I’ve tried to divide the run to two steps:

terraform apply -target='aws_instance.hitachi-dev["aws3"]'

  • this created the aws3 instance only

and

terraform apply

  • this had all IPs known, so it created rest of the resources as expected…

So your thought about undecidable operations in map marked as “unknown” is probably the case of this… To make Terraform being able to handle that, it would probably need to mark some values in map as “unknown”, not complete map…

Thank you again

Jan

Terraform maps can have unknown values, just not unknown keys. If all of your keys are known then the map should have a known number of elements and only the individual new values would be potentially unknown.

I think what you are seeing here is a bug that has been recently fixed and will be included in the forthcoming 0.13.0 release, but is still present in the latest 0.12.x release. This issue relates specifically to how the merge function reacts to unknown values.
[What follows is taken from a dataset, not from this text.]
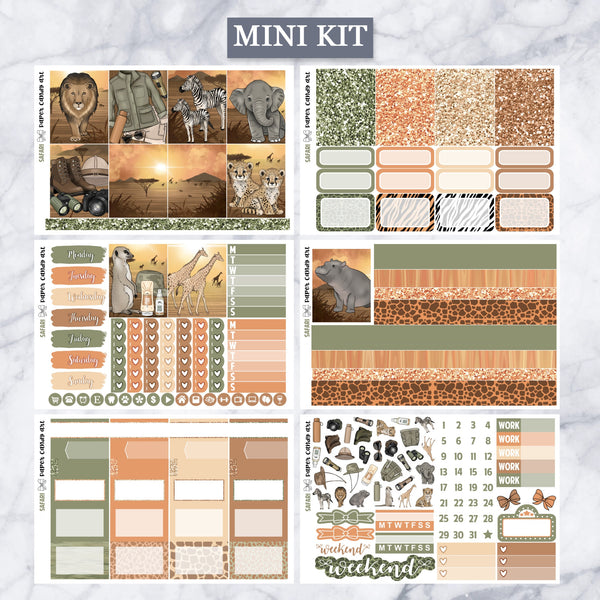 EC Kit Safari // Weekly Planner Stickers Kit // Erin Condren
If I’m right about that cause, it might help to replace your use of the merge function with a more verbose approach that skips that function for now, like the following:

  all_cidrs = zipmap(
    concat(keys(local.aws_cidrs), keys(local.gcp_cidrs)),
    concat(values(local.aws_cidrs), values(local.gcp_cidrs)),
  )

Here I used zipmap instead of merge in a way that ought to be functionally equivalent but should avoid the bug with unknown variable handling in merge. This shouldn’t be necessary anymore once 0.13.0 is released and you’ve been able to upgrade to it, but hopefully it allows you to make progress in the meantime.

Hi @apparentlymart,

you are correct, your suggestion worked like a charm!

Thank you again for your help

Jan